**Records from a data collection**
■ ■ ■ ■

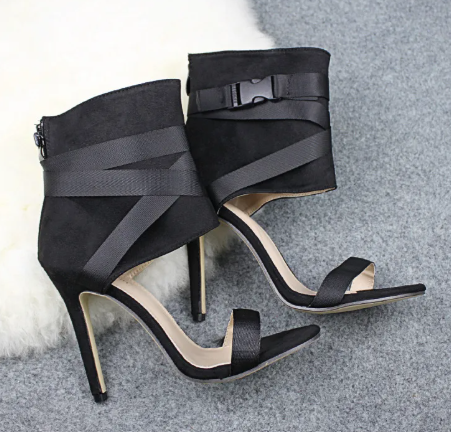 Open Toe Woven Buckle Stiletto Heels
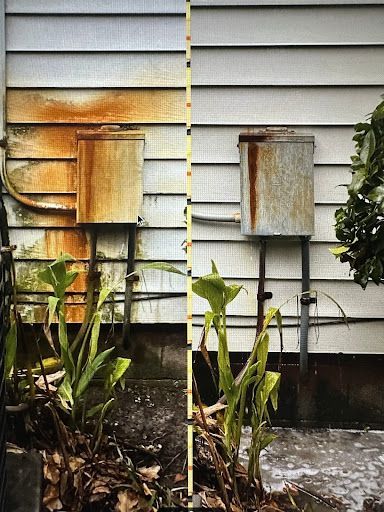 A before and after picture of a rusty electrical box on the side of a house.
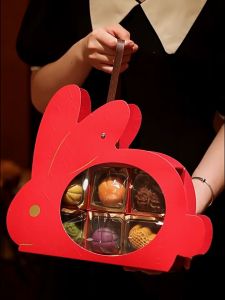 Rabbit Mooncake gift box 6grids Mid-Autumn Festival transparent packaging box palace rabbit 3D box (3056L)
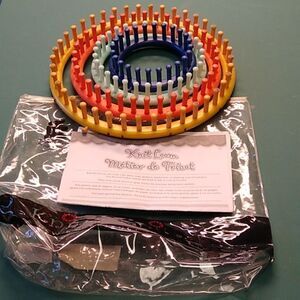 Knifty Knitter, Instruction Sheet and plastic storage bag Cottagecore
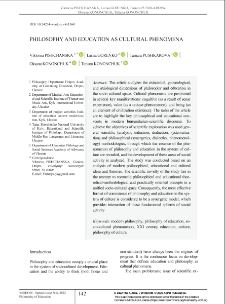 Philosophy and Education as Cultural Phenomena
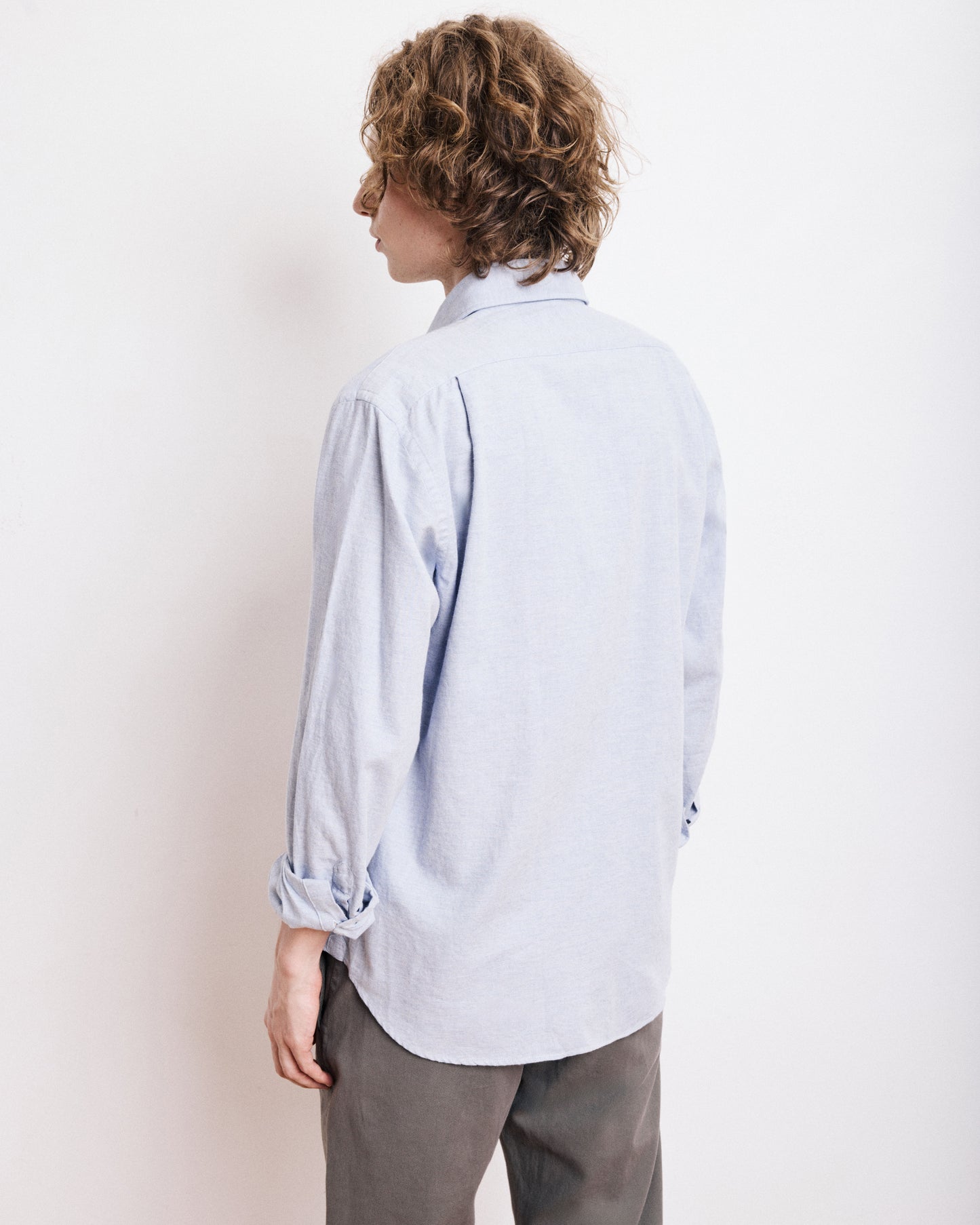 Chemise Homme en Gabardine de Coton Brossé Bleu Paul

■ ■ ■ ■

**ASSIGNMENT**
Please give again only the lines from the one containing "Knifty Knitter, Instruction" through the last line of the entries above, exactly as they stand and without pictures.

**ANSWER FOR THIS EXERCISE**
 Knifty Knitter, Instruction Sheet and plastic storage bag Cottagecore
 Philosophy and Education as Cultural Phenomena
 Chemise Homme en Gabardine de Coton Brossé Bleu Paul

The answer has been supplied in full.